Waterville Township trustees accepted the resignation of police chief Kathleen Hartle last night, more than a month after she was suspended under allegations that she had an open container of alcohol in her police cruiser.
The trustees were expected to meet with her last night in a closed administrative hearing regarding the allegations.
Instead, they accepted her resignation with a 3-0 vote during a regular board meeting. Mrs. Hartle had been on paid sick leave immediately after an incident Aug. 26 during a trustees meeting.
She was suspended from her job with pay on Sept. 9.
"For medical reasons, I am saddened to share that my family and I have decided that it would be best for my health and well-being to resign as the chief of police for the Waterville Township Police Department," she wrote in a letter to the township trustees dated yesterday.

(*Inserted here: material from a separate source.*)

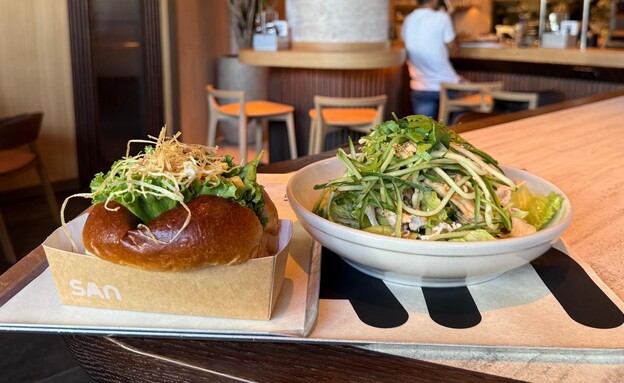 סאנדו באן וסלט באן באן. סאן גני תקווה (צילום: לין לוי, mako אוכל)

The letter was sent by way of fax late Tuesday by Mrs. Hartle's attorney, Jerry Phillips, to Waterville Township solicitor Walt Celley.
Criminal charges will not be filed against her, because "there is no sufficient evidence to pursue any criminal or traffic charges in this matter," Waterville Village Prosecutor Kevin A. Heban wrote to trustees Oct. 2.
Before the township trustees adjourned last night, Chairman Brett Warner moved to go into an executive session to discuss "the hiring of public employees."
The few residents who turned up at the meeting to learn the chief's fate were asked to step outside the one-room township hall.
Township resident Lou Leasor said he was pleased there would be no criminal charges and believed the trustees should have given the chief a second chance - though perhaps a demotion - had she not resigned.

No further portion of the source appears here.